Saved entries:
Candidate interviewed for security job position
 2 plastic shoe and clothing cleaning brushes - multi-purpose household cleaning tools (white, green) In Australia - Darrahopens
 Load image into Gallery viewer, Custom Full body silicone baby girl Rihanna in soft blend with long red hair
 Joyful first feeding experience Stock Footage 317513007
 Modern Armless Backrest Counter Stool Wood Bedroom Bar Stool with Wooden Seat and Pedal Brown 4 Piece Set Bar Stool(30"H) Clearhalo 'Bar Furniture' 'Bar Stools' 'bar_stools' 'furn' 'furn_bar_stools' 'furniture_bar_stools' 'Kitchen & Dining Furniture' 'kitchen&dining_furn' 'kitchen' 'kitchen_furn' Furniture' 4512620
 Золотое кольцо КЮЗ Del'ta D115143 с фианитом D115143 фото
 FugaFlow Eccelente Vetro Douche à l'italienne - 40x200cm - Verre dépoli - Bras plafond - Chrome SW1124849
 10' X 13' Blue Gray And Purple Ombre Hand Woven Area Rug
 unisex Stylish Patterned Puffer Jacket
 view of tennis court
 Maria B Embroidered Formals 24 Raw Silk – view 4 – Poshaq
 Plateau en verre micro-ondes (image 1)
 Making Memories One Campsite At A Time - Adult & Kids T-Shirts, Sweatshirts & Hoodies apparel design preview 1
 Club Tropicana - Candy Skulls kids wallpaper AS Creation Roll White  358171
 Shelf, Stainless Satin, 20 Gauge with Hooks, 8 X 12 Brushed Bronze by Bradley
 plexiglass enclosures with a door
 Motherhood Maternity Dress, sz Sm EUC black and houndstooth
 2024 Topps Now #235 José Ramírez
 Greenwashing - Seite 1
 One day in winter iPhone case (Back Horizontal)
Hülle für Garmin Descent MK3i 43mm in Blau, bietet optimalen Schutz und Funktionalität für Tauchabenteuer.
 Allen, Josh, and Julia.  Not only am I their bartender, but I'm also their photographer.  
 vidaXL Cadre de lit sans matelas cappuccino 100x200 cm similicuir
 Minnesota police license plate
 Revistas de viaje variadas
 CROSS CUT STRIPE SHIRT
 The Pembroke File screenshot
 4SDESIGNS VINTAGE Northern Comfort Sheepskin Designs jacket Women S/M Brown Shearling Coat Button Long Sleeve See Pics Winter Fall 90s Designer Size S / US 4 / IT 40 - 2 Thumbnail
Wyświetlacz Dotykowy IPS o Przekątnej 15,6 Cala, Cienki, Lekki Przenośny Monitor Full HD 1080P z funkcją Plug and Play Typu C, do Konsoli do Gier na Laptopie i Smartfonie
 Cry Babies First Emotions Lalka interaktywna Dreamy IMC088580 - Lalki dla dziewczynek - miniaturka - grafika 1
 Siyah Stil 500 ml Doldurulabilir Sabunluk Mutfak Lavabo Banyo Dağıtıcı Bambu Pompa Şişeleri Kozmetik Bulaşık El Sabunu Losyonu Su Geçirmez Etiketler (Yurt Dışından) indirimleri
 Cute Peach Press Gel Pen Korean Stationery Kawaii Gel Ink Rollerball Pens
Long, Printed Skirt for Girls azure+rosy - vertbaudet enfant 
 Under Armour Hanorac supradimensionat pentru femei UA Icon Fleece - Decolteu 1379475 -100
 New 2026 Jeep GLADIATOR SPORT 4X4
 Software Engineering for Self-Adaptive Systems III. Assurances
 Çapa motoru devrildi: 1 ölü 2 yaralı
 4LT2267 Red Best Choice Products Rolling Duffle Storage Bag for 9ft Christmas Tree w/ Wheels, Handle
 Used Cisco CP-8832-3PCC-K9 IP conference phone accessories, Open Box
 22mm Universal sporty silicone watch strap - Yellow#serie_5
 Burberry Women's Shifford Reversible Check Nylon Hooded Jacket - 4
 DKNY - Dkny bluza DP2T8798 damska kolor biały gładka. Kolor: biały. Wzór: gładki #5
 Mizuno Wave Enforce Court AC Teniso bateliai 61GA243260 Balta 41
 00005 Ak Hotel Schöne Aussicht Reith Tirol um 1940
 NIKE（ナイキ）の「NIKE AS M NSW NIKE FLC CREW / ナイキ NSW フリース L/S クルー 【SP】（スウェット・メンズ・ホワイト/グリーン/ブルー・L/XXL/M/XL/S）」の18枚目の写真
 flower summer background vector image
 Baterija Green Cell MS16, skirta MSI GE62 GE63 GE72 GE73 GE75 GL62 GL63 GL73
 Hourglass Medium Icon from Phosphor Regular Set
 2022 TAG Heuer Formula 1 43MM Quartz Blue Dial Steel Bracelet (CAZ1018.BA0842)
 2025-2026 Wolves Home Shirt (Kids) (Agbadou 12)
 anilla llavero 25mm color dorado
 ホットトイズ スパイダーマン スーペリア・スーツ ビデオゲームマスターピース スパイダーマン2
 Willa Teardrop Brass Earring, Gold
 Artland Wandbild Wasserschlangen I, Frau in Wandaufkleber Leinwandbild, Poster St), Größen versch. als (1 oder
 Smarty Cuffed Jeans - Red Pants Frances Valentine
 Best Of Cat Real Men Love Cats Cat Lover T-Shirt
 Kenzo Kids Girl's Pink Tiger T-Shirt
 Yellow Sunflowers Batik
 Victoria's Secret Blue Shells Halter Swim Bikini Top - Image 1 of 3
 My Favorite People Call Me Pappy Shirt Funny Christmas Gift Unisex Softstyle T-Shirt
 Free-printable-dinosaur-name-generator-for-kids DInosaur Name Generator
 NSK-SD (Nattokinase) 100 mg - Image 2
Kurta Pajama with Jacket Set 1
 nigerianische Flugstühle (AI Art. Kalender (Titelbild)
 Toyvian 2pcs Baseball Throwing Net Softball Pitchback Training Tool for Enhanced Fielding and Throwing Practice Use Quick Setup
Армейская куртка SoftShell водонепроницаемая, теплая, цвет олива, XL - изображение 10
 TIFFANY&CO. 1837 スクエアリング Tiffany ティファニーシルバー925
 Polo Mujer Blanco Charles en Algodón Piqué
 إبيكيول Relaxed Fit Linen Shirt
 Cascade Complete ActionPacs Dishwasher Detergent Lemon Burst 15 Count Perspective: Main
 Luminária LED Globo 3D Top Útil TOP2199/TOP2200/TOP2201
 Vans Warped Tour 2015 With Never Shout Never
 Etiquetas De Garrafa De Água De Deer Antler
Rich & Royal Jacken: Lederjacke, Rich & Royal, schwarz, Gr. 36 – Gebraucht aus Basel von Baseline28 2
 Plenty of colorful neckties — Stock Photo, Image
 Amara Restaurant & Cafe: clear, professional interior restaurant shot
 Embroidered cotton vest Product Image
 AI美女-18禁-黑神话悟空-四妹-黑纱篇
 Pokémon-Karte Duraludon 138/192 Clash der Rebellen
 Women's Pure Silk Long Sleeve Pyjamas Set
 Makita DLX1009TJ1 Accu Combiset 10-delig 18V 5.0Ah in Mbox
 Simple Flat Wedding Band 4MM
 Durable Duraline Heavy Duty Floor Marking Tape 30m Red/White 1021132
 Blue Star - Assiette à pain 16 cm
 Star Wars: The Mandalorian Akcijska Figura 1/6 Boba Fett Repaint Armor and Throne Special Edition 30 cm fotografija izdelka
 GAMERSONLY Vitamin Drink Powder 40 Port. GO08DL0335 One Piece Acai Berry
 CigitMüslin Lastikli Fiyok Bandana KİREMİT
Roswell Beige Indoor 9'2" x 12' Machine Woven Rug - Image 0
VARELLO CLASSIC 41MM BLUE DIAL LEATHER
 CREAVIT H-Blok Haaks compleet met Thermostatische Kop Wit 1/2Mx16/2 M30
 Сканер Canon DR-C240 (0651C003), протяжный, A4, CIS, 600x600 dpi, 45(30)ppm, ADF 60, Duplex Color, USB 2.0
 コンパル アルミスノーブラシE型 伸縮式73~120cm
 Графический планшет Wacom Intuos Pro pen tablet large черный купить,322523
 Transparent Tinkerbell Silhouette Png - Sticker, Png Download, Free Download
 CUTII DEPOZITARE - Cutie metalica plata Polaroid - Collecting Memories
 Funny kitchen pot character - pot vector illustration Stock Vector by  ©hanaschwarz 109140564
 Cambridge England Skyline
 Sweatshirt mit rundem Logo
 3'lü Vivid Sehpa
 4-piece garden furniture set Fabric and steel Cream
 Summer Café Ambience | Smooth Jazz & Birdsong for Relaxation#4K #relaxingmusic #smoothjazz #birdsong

● Work task:
Up to and including the line with "2 plastic shoe", transcribe the entries above exactly, starting from their first line.

● Task output:
Candidate interviewed for security job position
 2 plastic shoe and clothing cleaning brushes - multi-purpose household cleaning tools (white, green) In Australia - Darrahopens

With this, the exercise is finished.